◆ **Source records**:
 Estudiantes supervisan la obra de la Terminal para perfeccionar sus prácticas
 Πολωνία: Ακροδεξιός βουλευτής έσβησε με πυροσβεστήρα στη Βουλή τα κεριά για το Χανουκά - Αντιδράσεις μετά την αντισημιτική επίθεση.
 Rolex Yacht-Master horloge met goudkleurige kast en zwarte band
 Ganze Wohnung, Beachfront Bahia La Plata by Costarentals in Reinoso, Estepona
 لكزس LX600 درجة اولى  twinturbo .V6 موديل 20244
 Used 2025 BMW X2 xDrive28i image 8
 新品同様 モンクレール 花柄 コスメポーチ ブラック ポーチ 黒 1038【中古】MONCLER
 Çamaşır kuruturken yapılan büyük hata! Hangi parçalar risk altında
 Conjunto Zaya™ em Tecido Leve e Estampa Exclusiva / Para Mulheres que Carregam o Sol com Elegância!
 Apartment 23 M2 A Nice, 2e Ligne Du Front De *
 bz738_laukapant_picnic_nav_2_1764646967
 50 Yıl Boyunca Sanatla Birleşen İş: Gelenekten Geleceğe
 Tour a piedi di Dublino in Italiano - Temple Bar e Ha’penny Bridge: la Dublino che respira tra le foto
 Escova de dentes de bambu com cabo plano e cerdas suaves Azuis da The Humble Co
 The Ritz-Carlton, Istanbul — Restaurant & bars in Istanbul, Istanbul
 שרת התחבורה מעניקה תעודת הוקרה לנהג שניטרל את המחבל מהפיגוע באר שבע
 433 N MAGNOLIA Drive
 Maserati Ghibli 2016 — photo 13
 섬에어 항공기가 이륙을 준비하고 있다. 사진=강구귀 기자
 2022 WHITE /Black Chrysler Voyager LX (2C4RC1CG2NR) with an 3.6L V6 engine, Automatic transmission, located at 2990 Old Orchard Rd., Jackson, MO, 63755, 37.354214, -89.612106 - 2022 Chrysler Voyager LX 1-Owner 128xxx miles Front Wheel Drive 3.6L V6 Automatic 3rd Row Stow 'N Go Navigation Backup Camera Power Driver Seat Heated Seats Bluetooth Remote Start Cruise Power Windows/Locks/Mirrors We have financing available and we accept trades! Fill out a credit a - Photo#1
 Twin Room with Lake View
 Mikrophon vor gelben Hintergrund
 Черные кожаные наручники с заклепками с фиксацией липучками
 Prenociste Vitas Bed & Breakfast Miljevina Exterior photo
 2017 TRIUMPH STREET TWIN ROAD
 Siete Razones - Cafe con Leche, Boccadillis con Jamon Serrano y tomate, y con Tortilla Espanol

◆ **Task requirements**: Give an exact transcription of the data shown above.

◆ **Answer space**:
 Estudiantes supervisan la obra de la Terminal para perfeccionar sus prácticas
 Πολωνία: Ακροδεξιός βουλευτής έσβησε με πυροσβεστήρα στη Βουλή τα κεριά για το Χανουκά - Αντιδράσεις μετά την αντισημιτική επίθεση.
 Rolex Yacht-Master horloge met goudkleurige kast en zwarte band
 Ganze Wohnung, Beachfront Bahia La Plata by Costarentals in Reinoso, Estepona
 لكزس LX600 درجة اولى  twinturbo .V6 موديل 20244
 Used 2025 BMW X2 xDrive28i image 8
 新品同様 モンクレール 花柄 コスメポーチ ブラック ポーチ 黒 1038【中古】MONCLER
 Çamaşır kuruturken yapılan büyük hata! Hangi parçalar risk altında
 Conjunto Zaya™ em Tecido Leve e Estampa Exclusiva / Para Mulheres que Carregam o Sol com Elegância!
 Apartment 23 M2 A Nice, 2e Ligne Du Front De *
 bz738_laukapant_picnic_nav_2_1764646967
 50 Yıl Boyunca Sanatla Birleşen İş: Gelenekten Geleceğe
 Tour a piedi di Dublino in Italiano - Temple Bar e Ha’penny Bridge: la Dublino che respira tra le foto
 Escova de dentes de bambu com cabo plano e cerdas suaves Azuis da The Humble Co
 The Ritz-Carlton, Istanbul — Restaurant & bars in Istanbul, Istanbul
 שרת התחבורה מעניקה תעודת הוקרה לנהג שניטרל את המחבל מהפיגוע באר שבע
 433 N MAGNOLIA Drive
 Maserati Ghibli 2016 — photo 13
 섬에어 항공기가 이륙을 준비하고 있다. 사진=강구귀 기자
 2022 WHITE /Black Chrysler Voyager LX (2C4RC1CG2NR) with an 3.6L V6 engine, Automatic transmission, located at 2990 Old Orchard Rd., Jackson, MO, 63755, 37.354214, -89.612106 - 2022 Chrysler Voyager LX 1-Owner 128xxx miles Front Wheel Drive 3.6L V6 Automatic 3rd Row Stow 'N Go Navigation Backup Camera Power Driver Seat Heated Seats Bluetooth Remote Start Cruise Power Windows/Locks/Mirrors We have financing available and we accept trades! Fill out a credit a - Photo#1
 Twin Room with Lake View
 Mikrophon vor gelben Hintergrund
 Черные кожаные наручники с заклепками с фиксацией липучками
 Prenociste Vitas Bed & Breakfast Miljevina Exterior photo
 2017 TRIUMPH STREET TWIN ROAD
 Siete Razones - Cafe con Leche, Boccadillis con Jamon Serrano y tomate, y con Tortilla Espanol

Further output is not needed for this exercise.